When I was coming home from lunch, the steering was very hard, like my father's old and non-hydraulics's 1975 Jeep CJ5.
So today I checked that the steering pump and air compressor belt was kind of loosen, so that every time I was steering, the steering pump stopped its rotation.
So I proceeded to tight that belt by loosening the air conditioning bolt from its slot bracket. To my surprise, when I tried to tight it again... I couldn't!
Worse was that I can't loose it to the end either! So now my car has a not so tight yet not so loose air compressor adjustment bolt.
The good part was that after tightening the belt the squeaking stopped and the steering was again fluid and soft as it should be.
The awful part is that I can't drive the car anymore as the bolt is just at the most tight position it allowed me, but a single rotation more will put it to the loosest point... I don't know how this is called in english (And by the way, sorry for my bad mechanics lingo, I'm a computer science engineer from Costa Rica).

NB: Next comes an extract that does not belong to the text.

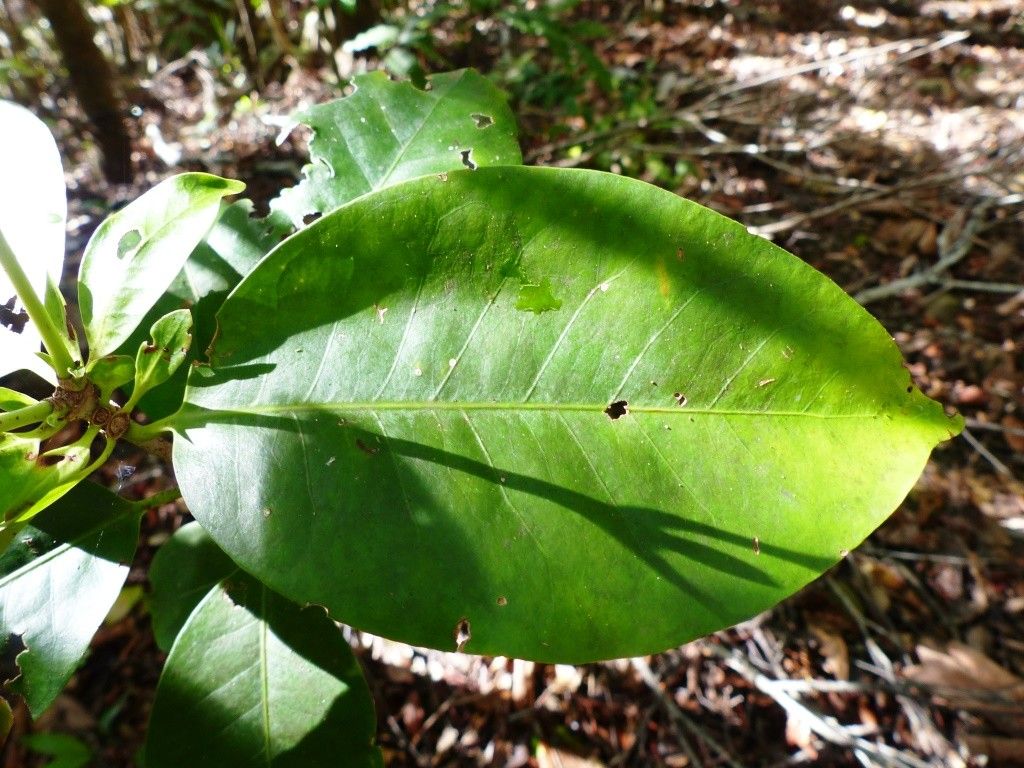 Ixora clarae — search result for 'Ixora'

We call it "transroscado", that is, a screw that doesn't tighten or loosen but keeps rotating.
I noticed that there is a very flat screw head to the other end that is also rotating in tandem with the bolt, but I can't hold it in any way.

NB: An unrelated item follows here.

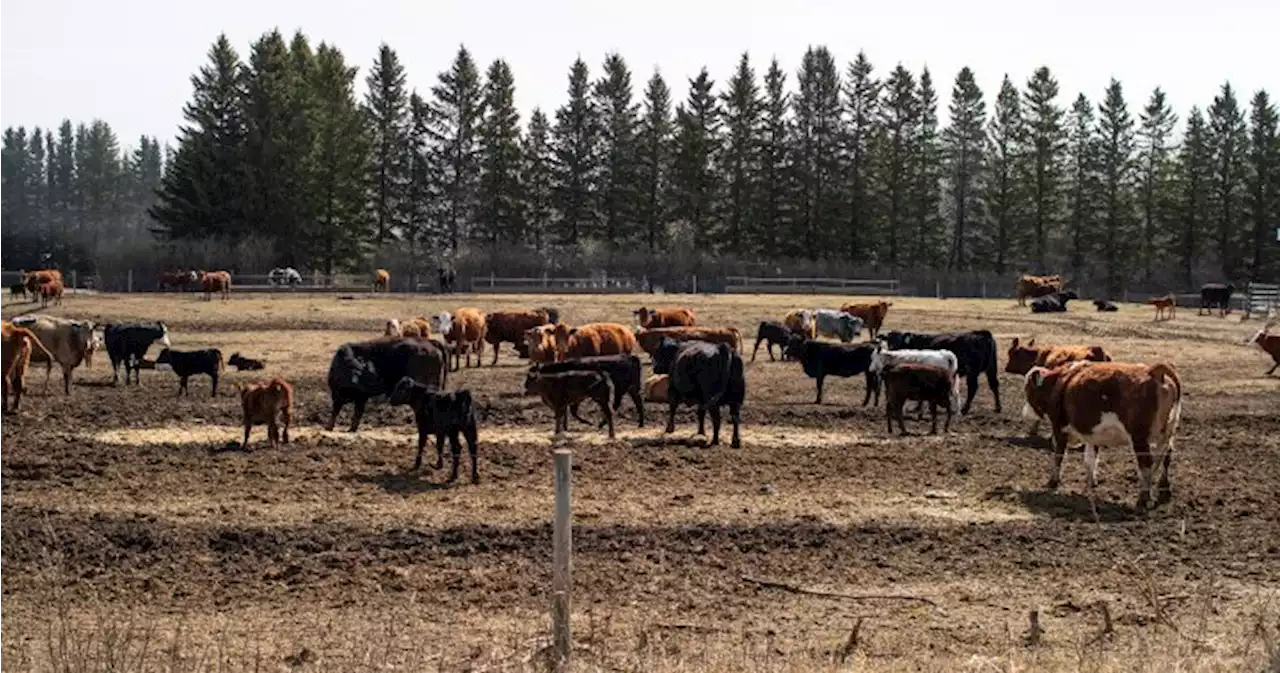 Application denied for proposed industrial feedlot near Pigeon Lake - Edmonton | Globalnews.ca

I have a Chilton manual (66500) for this car series, but it isn't helpful at all... Not even a single picture of the compressor.
I supposed that just tightening it would be a solution, but now I think I have a bigger problem.
I'm attaching a file, the red circled bolt is the one I thought that would solve my problems, the green circle is around the flat screw head that I can't make to stop rotating... The blue arrow points to a hidden part that I don't know if it is a bolt or part of the bracket... I doesn't rotate but looks like a bolt.
I would appreciate any help on this, particularly if there is a trick to grab the flat screw head.